Free of the noir-ish inflections Lupino brought to her other films—most notably The Hitch-Hiker, and the rape sequence in OutrageNever Fear is directed in a simple, straightforward style that bears comparison to the stripped-down neorealism of Roberto Rossellini. Lupino is captivated by the process of physical rehabilitation, offering detailed observations of Carol’s stretching routine, swim therapy, art classes, and, in one show-stopping sequence, a square dance featuring lines of wheelchair-bound patients twirling each other around in consummately choreographed synchrony. Carol is clumsy and awkward as she struggles to operate her wheelchair, a marked contrast to the film’s opening scenes, in which Carol and Guy move together with lithe sophistication as they perform a romantic swashbuckling tango.

Never Fear’s subject matter was personal for Lupino, who survived polio after an attack in 1934. But the filmmaker isn’t merely interested in the physical ailment itself, but also in the complicated pressure that recovery places on Carol. There’s a tension in the film, which was released at the height of the U.S. polio outbreak, between what Carol wants and what the men in her life want for her. When Carol begins to reject her own treatment, it’s in part because she’s rebelling against the expectations that her doctor, her fellow patients, and especially Guy have placed on her. “Be a woman for me,” Guy asks of her, but the demand is counter-productive, as Carol can only truly recuperate when she decides to do it for herself.

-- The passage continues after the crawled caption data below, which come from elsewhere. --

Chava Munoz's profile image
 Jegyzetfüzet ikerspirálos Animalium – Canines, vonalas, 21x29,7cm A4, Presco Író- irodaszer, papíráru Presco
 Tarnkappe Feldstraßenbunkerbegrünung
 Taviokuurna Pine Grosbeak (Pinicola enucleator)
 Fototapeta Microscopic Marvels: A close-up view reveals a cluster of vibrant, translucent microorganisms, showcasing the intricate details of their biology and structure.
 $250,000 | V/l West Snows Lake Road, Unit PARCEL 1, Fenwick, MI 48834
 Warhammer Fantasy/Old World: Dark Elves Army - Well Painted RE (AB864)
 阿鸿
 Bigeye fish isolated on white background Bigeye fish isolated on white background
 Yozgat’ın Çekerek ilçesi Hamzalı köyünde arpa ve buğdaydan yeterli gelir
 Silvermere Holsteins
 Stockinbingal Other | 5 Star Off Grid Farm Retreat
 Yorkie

In Carol’s dilemma, one can sense Lupino wrestling with her own artistic ambitions, coming to grips with the reality that as the only woman director working within the Hollywood studio system in the ‘50s, she too would have to accept the guidance of the men around her, and in so doing she would be forced to bear the weight of their expectations for her—their demands, hopes, dreams, and pity. Unfortunately, Never Fear closes with a cop-out, a last-minute reconciliation that cheapens Carol’s hard-fought struggle to learn to live on her own terms by suggesting she’s fundamentally lost without a man. Almost as if the film is embarrassed by its own denouement, the final screen assures us, “This is not THE END. It is just the beginning for all those of faith and courage.” If the film ultimately seems to question Carol’s courage, there’s at least no doubt about Lupino’s own. Never Fear wasn’t the end for her either, but merely the start of one of the most unique and pathbreaking directorial careers in Hollywood history.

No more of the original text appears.